▸ Data to examine
▬▬▬▬▬▬
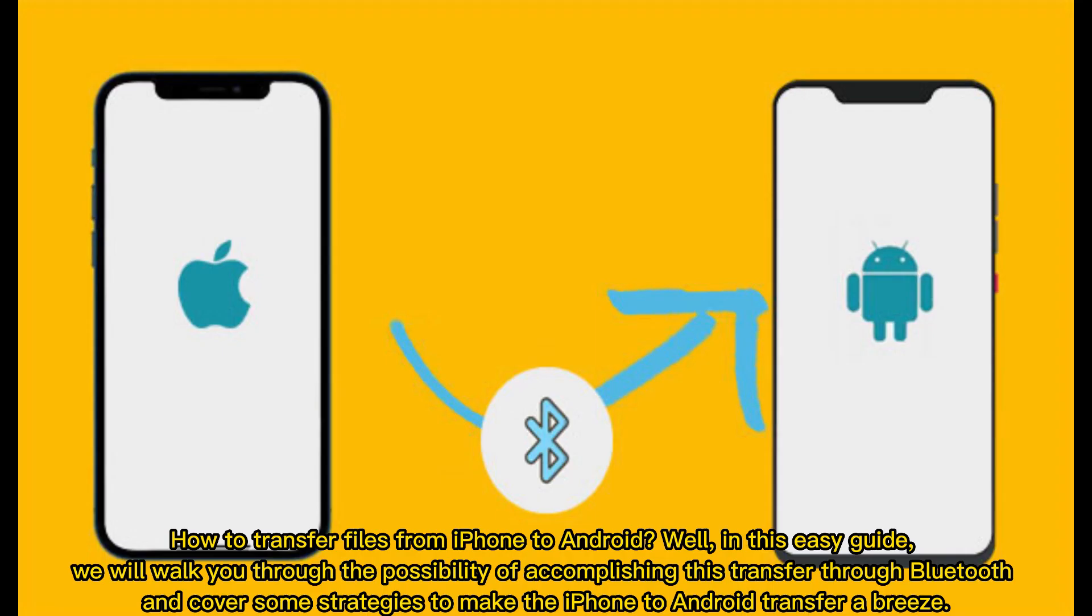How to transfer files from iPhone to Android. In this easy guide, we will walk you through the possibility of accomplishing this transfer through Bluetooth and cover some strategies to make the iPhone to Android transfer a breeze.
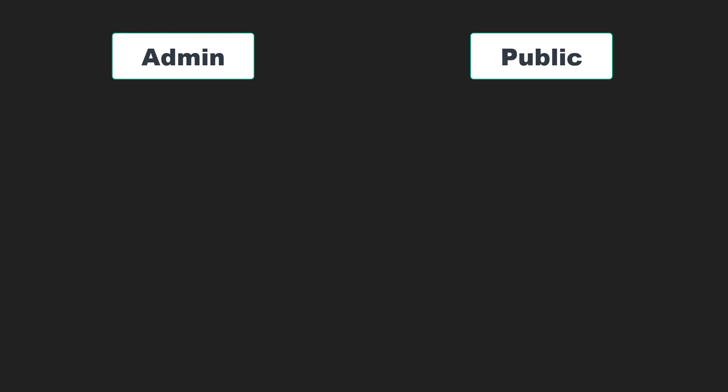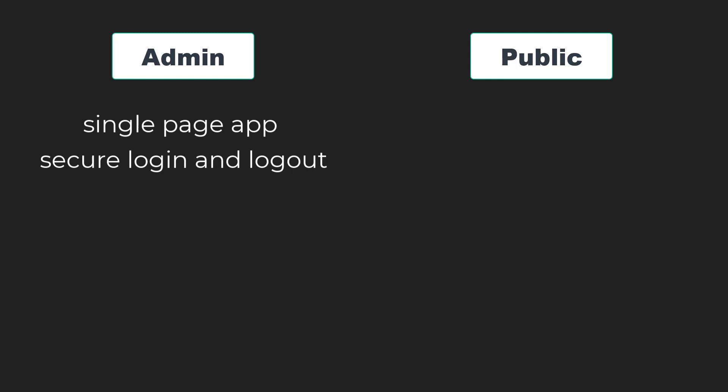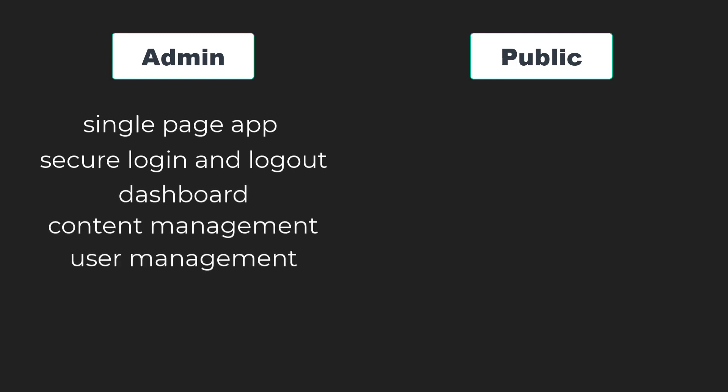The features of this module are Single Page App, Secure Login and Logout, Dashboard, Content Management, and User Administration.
▬▬▬▬▬▬
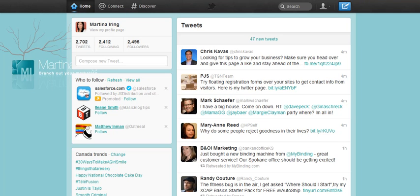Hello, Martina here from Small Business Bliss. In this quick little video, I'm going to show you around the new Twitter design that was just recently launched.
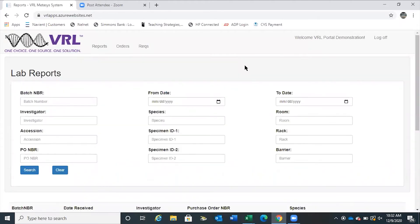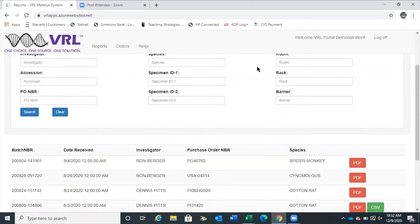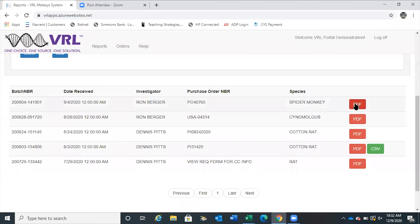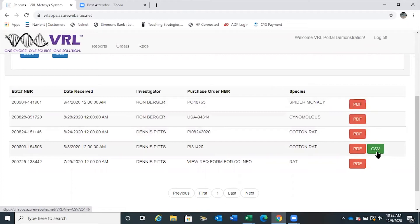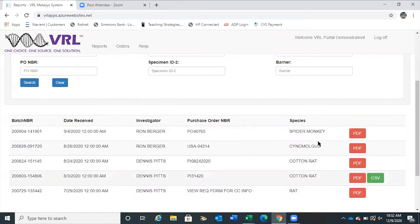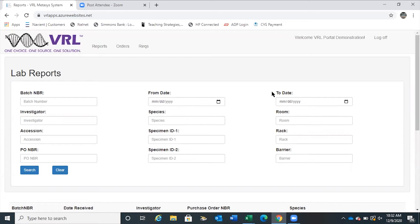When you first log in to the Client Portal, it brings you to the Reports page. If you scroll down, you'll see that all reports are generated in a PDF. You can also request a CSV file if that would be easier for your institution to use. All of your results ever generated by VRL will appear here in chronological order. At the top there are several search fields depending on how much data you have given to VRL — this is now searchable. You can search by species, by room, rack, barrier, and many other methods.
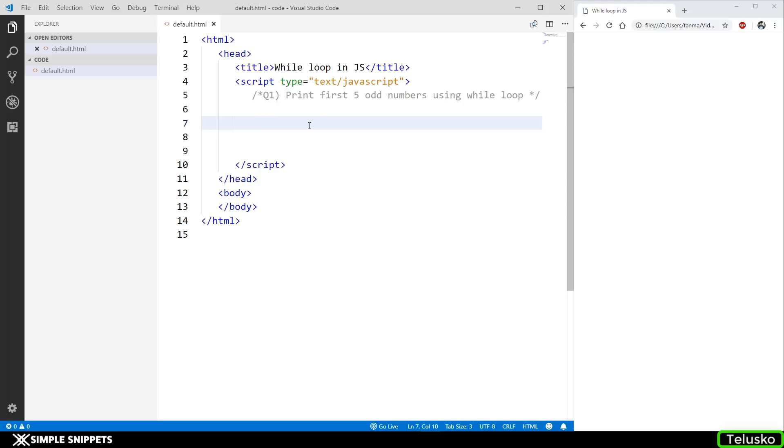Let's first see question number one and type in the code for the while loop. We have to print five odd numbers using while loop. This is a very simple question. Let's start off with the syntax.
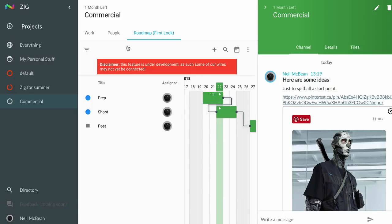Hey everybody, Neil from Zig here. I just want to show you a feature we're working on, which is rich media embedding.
▬▬▬▬▬▬
▸ Exercise aim
All that should be printed is the run of lines above from the one with "When you first" through the one with "Hey everybody, Neil", both included, exactly as given, with pictures left out.

▸ Exercise output
When you first log in to the Client Portal, it brings you to the Reports page. If you scroll down, you'll see that all reports are generated in a PDF. You can also request a CSV file if that would be easier for your institution to use. All of your results ever generated by VRL will appear here in chronological order. At the top there are several search fields depending on how much data you have given to VRL — this is now searchable. You can search by species, by room, rack, barrier, and many other methods.
Let's first see question number one and type in the code for the while loop. We have to print five odd numbers using while loop. This is a very simple question. Let's start off with the syntax.
Hey everybody, Neil from Zig here. I just want to show you a feature we're working on, which is rich media embedding.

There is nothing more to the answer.